Image ini ingin saya ubah; menjadi ibu tiri yang mengasihi, lembut terhadap anak tiri. Lalu saya bertekad berbuat baik dan menghormati ibu tiri bahkan tidak sekedar menghormati tetapi membuat hatinya senang, minimal saya tidak menyebalkan di hadapan matanya. Langkah yang aku lakukan adalah selalu membantu pekerjaan rumah tangga, apalagi bila pembantu sedang pulang kampung.
Tersange Saya pun bersikap baik, terhadap Remy (11) anak kandung ibu tiriku, bahkan saya anggap sebagai adik kandungku sendiri. Demikian juga aku selalu bersedia apabila disuruh belanja atau apa saja yang sekiranya dapat aku lakukan.
Usaha mengubah citra ibu tiri yang sudah saya rintis ini untuk mematahkan bisa anggapan bahwa ibu tiri itu jahat. Namun yang namanya pendapat umum, mitos tentang kengerian ibu tiri ini ternyata tidak gampang dihapuskan begitu saja di muka bumi ini, bagai sebuah penyakit yang menahun, kronis dan berstadium tinggi.
Sikap ibu tiriku tetap tidak baik dan merendahkan anak tiri. Mama tiriku jarang mengajakku, dia baru mau bicara bila sedang perintah saya, atau bila saya dianggap melakukan kesalahan. Misalnya bila Remy terlambat berangkat sekolah, saya yang ditegur, padahal anaknya sendiri yang molor.
Hal ini dilakukan tidak segan-segannya, walau saat ada orang lain atau tamu. Ayahku hanya diam saja, aku pun paham betul posisi ayahku. Aku tetap menganggap ayah sebagai orang tua yang bijaksana dan sangat mengasihi saya.
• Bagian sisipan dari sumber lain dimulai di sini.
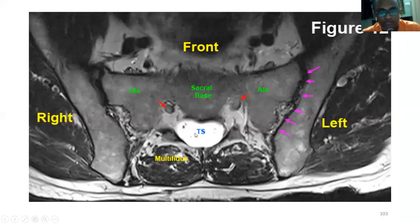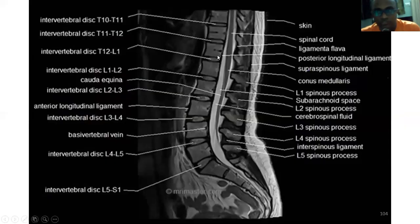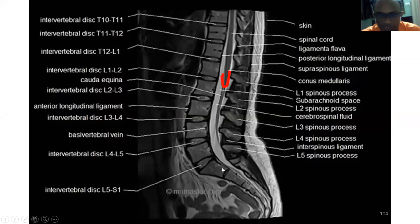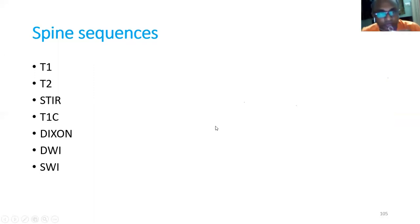In the sacral region on axial view, you can see the spinal canal with the cauda equina appearing bright, the ala, iliosacral junction, right and left sides, sacral base, and sacral promontory. On sagittal image you see the vertebral bodies, disc spaces, conus medullaris (where the spinal cord ends), and the cauda equina nerve fibers below. Spine MRI sequences available include T1, T2, STIR, T1 contrast, Dixon, diffusion-weighted imaging, and susceptibility-weighted imaging.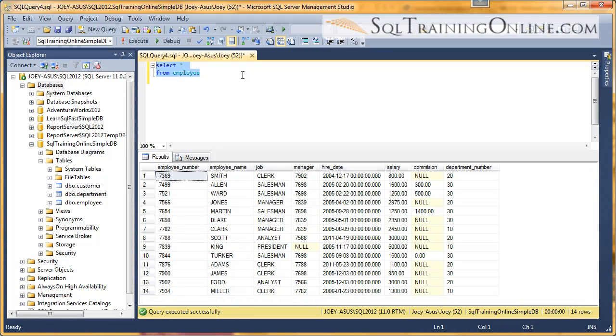Hey, Joey Blue here, and I want to talk to you about wildcards, wildcards inside of a SQL statement.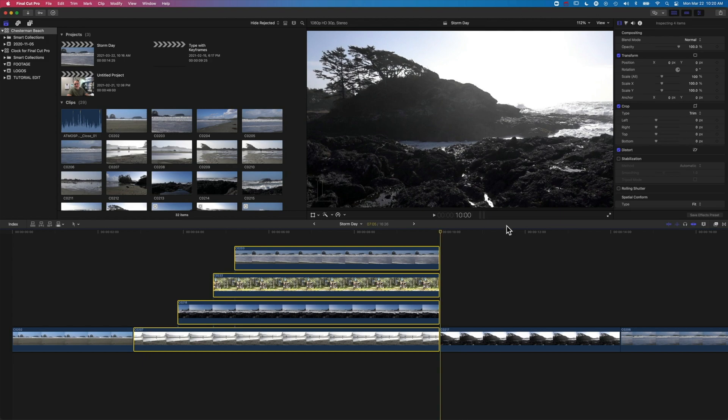Super useful tip, something I use quite often to get things the length I want to, extending them beyond the play head, and then trimming them down. If you have any questions about this technique or other techniques in Final Cut Pro X, then do leave a comment below, and I look forward to seeing you on the next tutorial.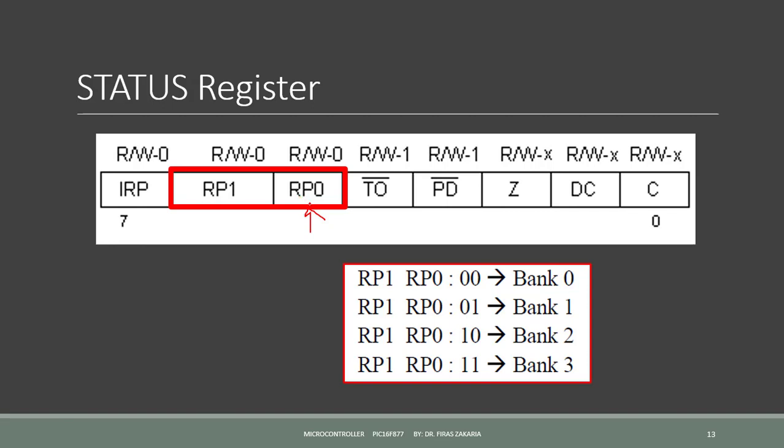To switch back to bank 0, we set bit 5 to 0. To change from bank 0 to bank 3, we set both the bits RP0 and RP1 to 1. And to change from bank 0 to bank 2, we set RP1 to 1 and RP0 to 0. We have to follow this table for switching between the banks.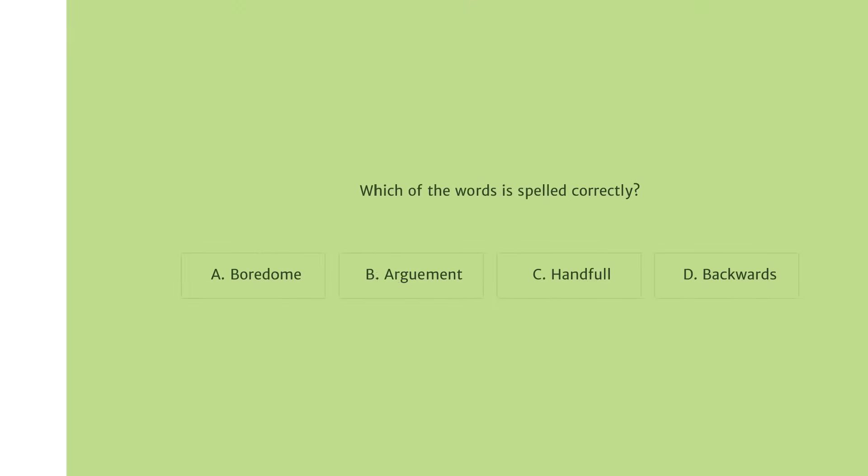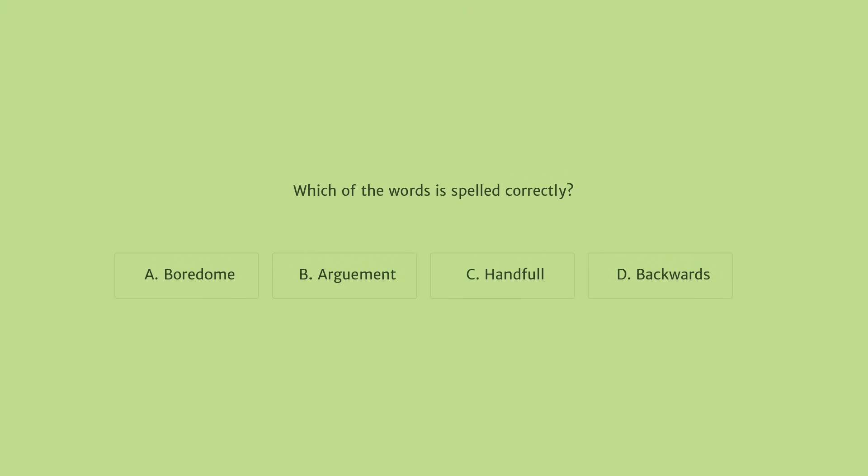The MAP language usage section assesses students based on their writing strategies, writing application style, mechanics, and grammar.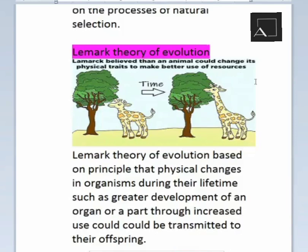Lamarck's theory of evolution states that an animal could change its physical traits to make better use of its resources. Lamarck believed that physical changes in organisms during their lifetime — such as greater development of an organ or a part through increased use — could be transmitted to their offspring.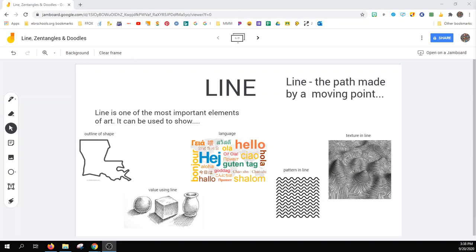Line is defined as the path made by a moving point. Line is one of the most important elements of art. It can be used to show the outline of a shape.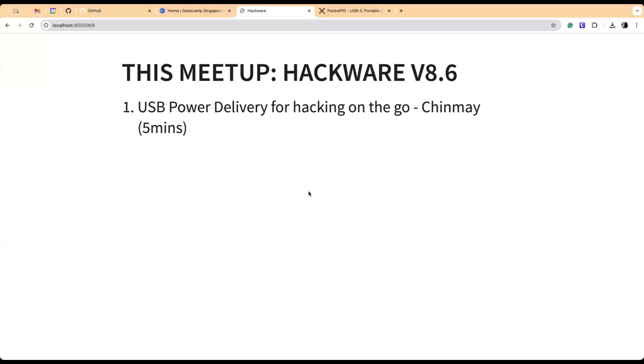I'll start with my talk. It's not really a talk, I just wanted to share something cool that I've been finding very useful. USB-C, we all know about USB-C power. Every phone and whatever else does USB-C.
Sebenarnya dalam hati aku juga bahagia, ayah mendapatkan istri cantik, masih muda. Ayah seorang yang berselera tinggi, sudah berumur memang, tapi kelihatan tetap tampan dan gagah, apalagi sebagai seorang pejabat di instansinya. Klop sudah.
Wanita mana yang tidak tergiur dengan kelebihan ayahku? Aku tidak menyombong, memang kenyataannya begitu. Angan-anganku semula, yang penting dengan kehadiran ibu tiri ini ayah menjadi semakin bahagia.
Namanya usaha apapun hasilnya tentu memiliki nilai tersendiri, ibu tiriku yang kemudian aku sapa dengan suka-rela pakai sebutan ‘mama’, ini akhirnya agak membaik, walaupun tidak secara frontal, lambat-laun.
Tapi kadang-kadang masih mengatakan kata-kata yang menyakitkan, walaupun mestinya tidak pantas dilontarkan kepada saya sebagai orang yang sudah beranjak dewasa. Harapanku keluarga yang dibina oleh ayah, tetap berjalan dengan damai dan cukup kondusif.
Setiap pagi hari ayah dan mama berangkat kerja, bersama Remy. Sesekali Remy saya antar, bila bangunnya agak molor. Hari itu keluarga kami ketamuan bu Heidy (tentu bukan nama sebenarnya), saudara kembar mama tiriku. Istri papa itu bila menyapanya dengan sebutan mbak Heidy.
Artinya bu Heidy ini yang dianggap lebih tua dari mama tiriku, walau hanya terpaut satu-dua jam saja mungkin. Bu Heidy ini rumahnya di kota S, kira-kira 100 km dari kota kami. Sering bertandang ke rumah bila kebetulan ada tugas dinas di kota ini atau sekedar mengunjungi saudara kembarnya.
Hari itu rencananya perempuan yang wajahnya sangat mirip dengan mama tiri saya itu akan menginap di rumah selama dua minggu, katanya -aku dengar dari pembicaraan mereka-, akan mengikuti sebuah diklat yang diadakan oleh instansinya di kota ini.
Kebetulan tempat diklatnya, gedungnya tidak jauh dari rumah keluarga kami, kira-kira cuma 500 m saja, sehingga dia tidak perlu menginap di hotel yang disediakan oleh diklat. Relatif dekat.
Ini kali yang kedua bu Heidy mengikuti acara instansinya di sini. Waktu itu, juga ada raker, kalau tidak salah enam bulan yang lalu. Saya masih ingat, selesai raker, saya yang disuruh mama mengantar mereka, saat dua kembar itu belanja dan keliling keliling kota, karena ayah ada egiatan di kantor. Seperti biasanya bila berkunjung, sering keliling kota shopping.
Jadi saya cukup mengenalnya. Dua kembar ini perangainya agak beda. Kalau yang dianggap muda itu agak sombong, terutama terhadap saya, sedangkan yang dianggap tua, bu Heidy cukup ramah.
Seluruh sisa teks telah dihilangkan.